The Perfect Getaway – 4.5

This is a one-trick movie, and once you see that it is a dirty trick being played on the viewer, the modest respect I had for the Hawaiian scenery and Steve Zahn’s character flew out the window. There are “red snappers” – I mean, herrings – galore, but the switcheroo is not of that ilk. Nothing that occurs, or is said, in the first two-thirds of the movie makes any sense or has any integrity once the final third comes around. And that final third, on its own terms, is pretty absurd, too.
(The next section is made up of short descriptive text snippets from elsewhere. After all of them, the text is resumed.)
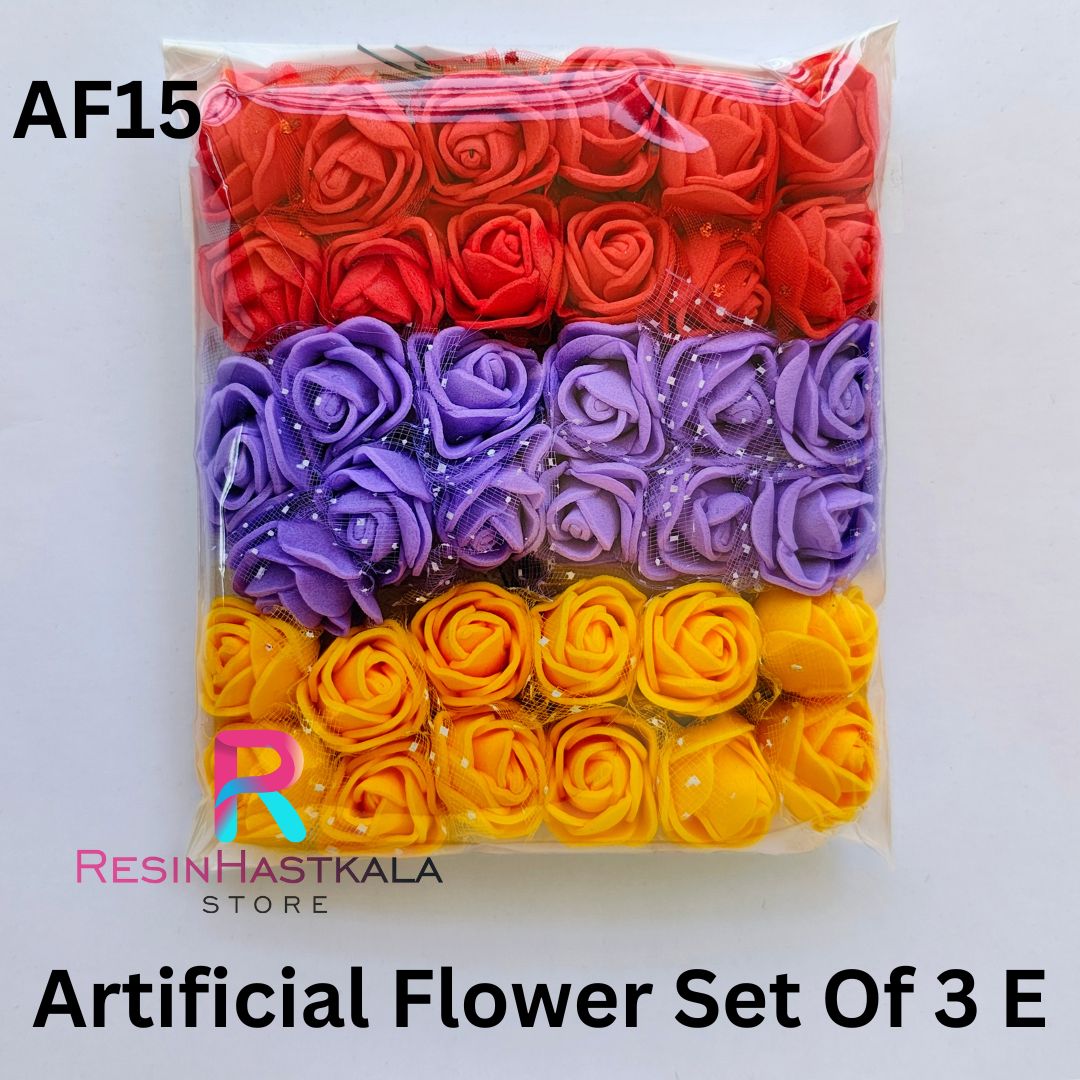 Artificial Flower Set Of 3 E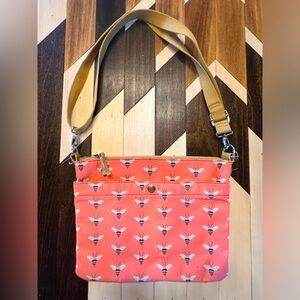 Fossil Bee Purse crossbody adjustable strap corral canvas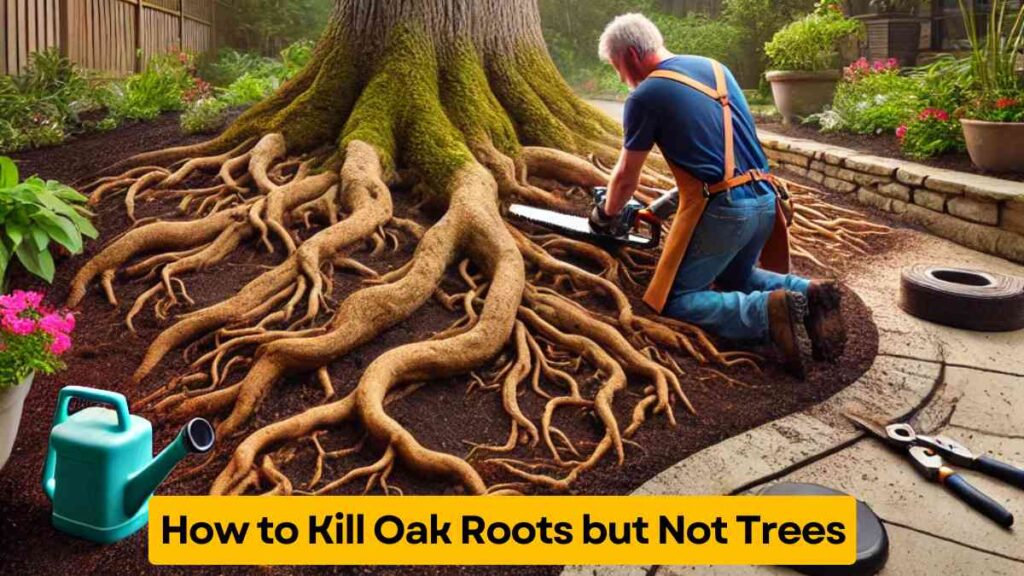 How to Kill Oak Roots but Not Trees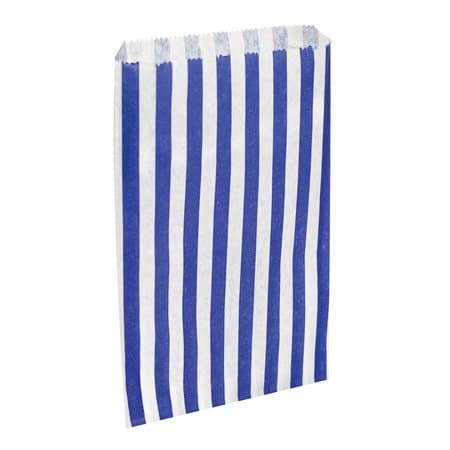 APL Packaging Counter bags, 7x9 blue candy stripe counter bags, pick n mix sweet bag, PACKS OF 1000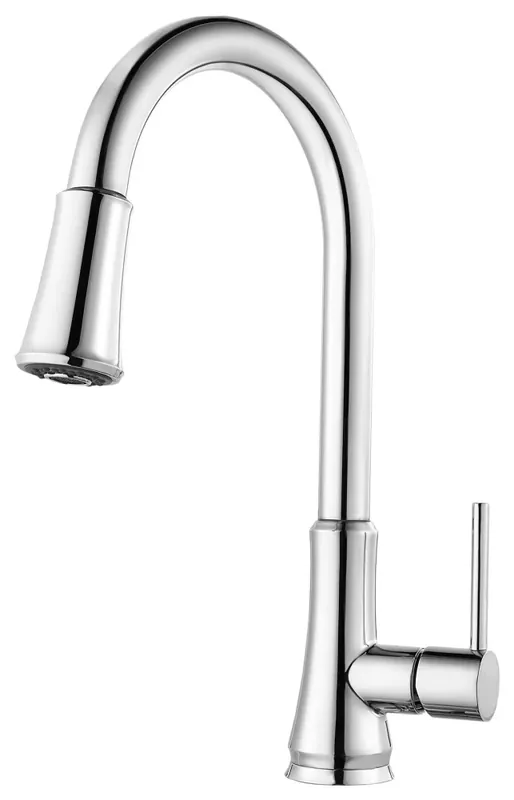 Pfister G529-PF1C Pfirst Series 1-Handle Pull-Down Kitchen Faucet in Polished Chrome Today Only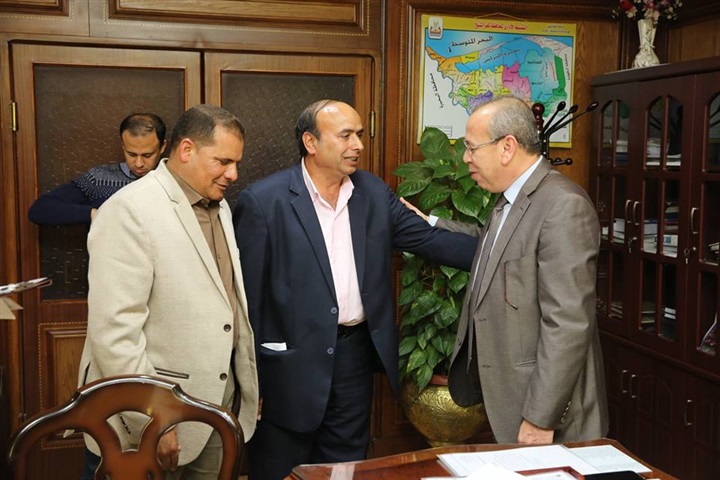 بالصور.."محمد أبو اليزيد" مديرًا للإصلاح الزراعي بكفر الشيخ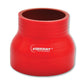 Vibrant 4 Ply Reinforced Silicone Transition Connector - 1.75in I.D. x 2.5in I.D. x 3in long (RED)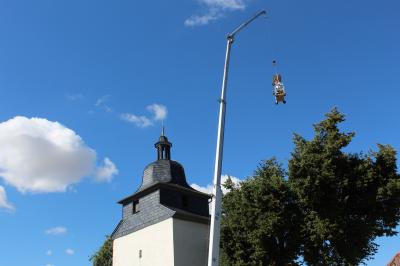 Foto des Albums: Kirchturm in Blankenburg bekommt Kirchknopf am 17.07.2020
Where was the “screenplay-writer”?

(500) Days of Summer -7.5

Glad I saw this with my wife because, whereas I saw Summer as gorgeous perfection, too good for any guy in this movie, my wife saw Summer as vapid, emotionally withholding, not worthy of Tom, whom I saw as a feckless twerp.  Of course, we were both right, which is a testament to the fine acting performance by Zooey Deschanel, and to the difference between the sexes. None of the situations in the movie bore any relation to reality, as I know it – a greeting-card company where a dozen people sit in cubicles to come up with “I Love Us”?, c’mon! – which made the realism of the boy-girl relationship all the more compelling. Cute, well acted, not too deep – a sweet time at the movies and a nice first feature from director Marc Webb.

Food, Inc. -7

This was an indelicate subject made with surprising delicacy, thanks especially to a compellingly rational lead talking-head, Eric Schlosser. The glaring weakness was the lack of a two-sided argument: none of the big food companies that were vilified – Monsanto, Perdue, Tyson, etc. – were willing to be interviewed, which left me to wonder if there might be another side to the story of the Indiana seed cleaner who was being put out of business through legal harassment. Nevertheless, seeing where your hamburger meat and chicken breasts come from made me feel good about dining at Heartland last week and encouraged me to seek out farmers’ markets for all the cooking I don’t do.